Nicht nur das hell besonnte, klassische Hellas existiert, bei dem in unserer Vorstellung Himmel und Meer um ihre Bläue wetteifem, sondern auch ein dunkel verhangenes, winterlich nebliges, kaltes und karges Griechenland. In diesem Land sind die Figuren des Theo Angelopoulos zuhause, wenn sie überhaupt beheimatet sind. Der Mensch als Flüchtling, nicht nur in dem metaphysischen Roadmovie »Landschaft im Nebel« mit zwei Kindern, die ihren Vater suchen. Seine Figuren halten sich auf am »Ufer der Verlorenen« wie das Venedig-Buch des russischen Nobelpreisträgers Joseph Brodsky heißt, einem Melancholiker, wie auch Angelopoulos einer ist.
»Die Wanderschauspieler« heißt der Film, mit dem der damals 40-jährige Angelopoulos 1975 (am Ende der Obristen-Herrschaft in Athen) berühmt wurde, auch wegen seiner formalen Radikalität, kühnen Montagetechnik und innovativen Erzählform, der epischen Durchatmung und den zeitlichen Übersprungshandlungen. Die Chronik seines Landes von 1939 bis 1952 beginnt mit der Metaxas-Diktatur, es folgt der Krieg gegen Italien und die Besatzung durch Nazi-Deutschland, die Befreiung, der Bürgerkrieg zwischen der neuen Regierung und kommunistischen Rebellen sowie der amerikanischen und britischen Intervention.
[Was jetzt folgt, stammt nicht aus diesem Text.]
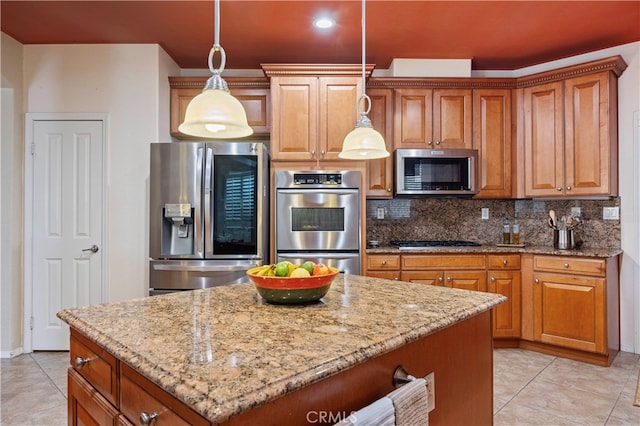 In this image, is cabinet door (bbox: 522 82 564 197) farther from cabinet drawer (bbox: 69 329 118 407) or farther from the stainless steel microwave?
cabinet drawer (bbox: 69 329 118 407)

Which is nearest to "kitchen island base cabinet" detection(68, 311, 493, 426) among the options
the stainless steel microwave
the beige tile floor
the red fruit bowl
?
the red fruit bowl

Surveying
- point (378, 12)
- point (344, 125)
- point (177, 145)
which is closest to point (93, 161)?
point (177, 145)

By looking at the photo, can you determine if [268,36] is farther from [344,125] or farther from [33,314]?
[33,314]

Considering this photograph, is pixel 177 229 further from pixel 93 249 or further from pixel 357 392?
pixel 357 392

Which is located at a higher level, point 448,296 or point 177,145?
point 177,145

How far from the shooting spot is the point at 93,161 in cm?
330

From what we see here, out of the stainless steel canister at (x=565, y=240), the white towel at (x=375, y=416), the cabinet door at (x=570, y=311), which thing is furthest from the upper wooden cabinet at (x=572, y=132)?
the white towel at (x=375, y=416)

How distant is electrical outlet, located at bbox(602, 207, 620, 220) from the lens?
3309 millimetres

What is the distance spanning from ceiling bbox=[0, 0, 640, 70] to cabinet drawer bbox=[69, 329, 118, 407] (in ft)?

Parallel dazu wird vor dem Hintergrund des antiken Atriden-Mythos das persönliche Liebes- und Lebensdrama von Mitgliedern einer Theatertruppe erzählt, die jenseits ihrer Individualität wie Chiffren des Menschengeschlechts wirken. Die Schauspieler*innen kommen an dem Bahnhof von Ägion an, fahren weiter von Station zu Station: aneinander gebunden, prekär in ihrer Existenz, ihren kleinen Variationen des Gleichen ausgesetzt, während die Welt-Verhältnisse sich krass und mit einschneidender Gewalt wandeln. Am Ende, nach fast vier Stunden, stehen sie wieder am selben Platz: Sie sind durch die Zeit gegangen oder die Zeit durch sie hindurch.
Von Theo Angelopoulos zu sprechen, heißt – auch – von seinen Schauspielern zu sprechen: von Marcello Mastroianni als Spyros in »Der Bienenzüchter«, von Bruno Ganz graubärtig als Dichter Alexander in »Die Ewigkeit und ein Tag«, von Harvey Keitel in »Der Blick des Odysseus« oder von William Dafoe, wiederum Ganz und Michel Piccoli in »The Dust of Time«, seinem letzten langen Spielfilm von 2008, vier Jahre vor seinem Tod. Männer wie Monumente, in Stein gehauen wie die Präsidentenköpfe in Mount Rushmore, und doch porös, mürbe, versehrt.
Der suchend tastende Gang ist die Bewegung in den Filmen des in Athen geborenen, sein Studium in Paris absolvierenden Griechen, der von Godard und Antonioni, Bergman und Kurosawa beeinflusst wurde. Er schuf Bilder von magnetischer, schmerzender Schönheit, die ihn in die erste Reihe der großen Filmkünstler einstellen. Die Botschaft seiner kontemplativen Filme ist die Verheißung, wobei die eher im Vergangenen liegt. Angelopoulos’ Filme sind, wäre das kein Widerspruch (aber vielleicht ist es keiner), vitale Totentänze. Jedenfalls Elegien, die der Frage nach der menschlichen Grundbedingung nachgehen, den Verlust des Hergebrachten betrauern: Man habe nur die gewaltige Lenin-Statue vor Augen, die in »Der Blick des Odysseus« über ein Gewässer abtransportiert wird. Ideologien vergehen. Was aber bleibt? Das Elementare der Natur, die Zerrissenheit des Fühlens und die Einsamkeit des Einzelnen setzen uns Grenzen – und überdauern.